Ознакомительная версия. Доступно 45 страниц из 224
Так было…
Полиция растерялась. Присутствие духа сохранили только солдаты и офицеры полков, наряженных для оцепления. Нарушив программу, они решили раздарить царские гостинцы не в 11 часов дня, а в 6 утра. При криках «ура, дают!» толпа смяла барьеры и ринулась на буфеты с удвоенной силой. При этом «мертвецы двинулись заодно с живыми…». Получив узелок и кружку, люди выдирались из толпы «оборванные, мокрые, с дикими глазами; многие тут же со стоном падали, другие ложились на землю, клали себе под голову царские гостинцы и умирали». Чтобы хоть как-то разрядить толпу, раздавальщики стали швырять гостинцы по сторонам – куда попало, кто поймает… Врачей не оказалось на месте. Не было и воды – людей, потерявших сознание, солдаты, не скупясь, обливали дармовым пивом.

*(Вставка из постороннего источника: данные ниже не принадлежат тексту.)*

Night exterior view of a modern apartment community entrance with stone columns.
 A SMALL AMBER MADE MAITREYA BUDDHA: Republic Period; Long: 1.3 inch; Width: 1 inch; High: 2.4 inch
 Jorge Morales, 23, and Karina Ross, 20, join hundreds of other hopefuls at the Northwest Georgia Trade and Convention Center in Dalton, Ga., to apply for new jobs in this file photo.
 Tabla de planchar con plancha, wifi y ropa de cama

Вся местность вокруг Ходынского поля тоже была завалена мертвецами. Люди спешили прочь, забирались в кусты и здесь умирали. Иные, правда, сумели дотащиться до дому, где ложились и уже не вставали. «После того как схлынула толпа, на поле, кроме трупов, оказалась масса шапок, шляп, зонтиков, тростей и башмаков», находили здесь господские цилиндры, даже золотые часы купцов. Многие вырвались чудом, но… голые («за них цеплялись упавшие и в борьбе за жизнь обрывали их платье и белье»). А вырваться было почти невозможно: «Один из потерпевших, оставшись в живых, лежал на 15 трупах, а поверх него громоздились еще 10 человеческих тел…»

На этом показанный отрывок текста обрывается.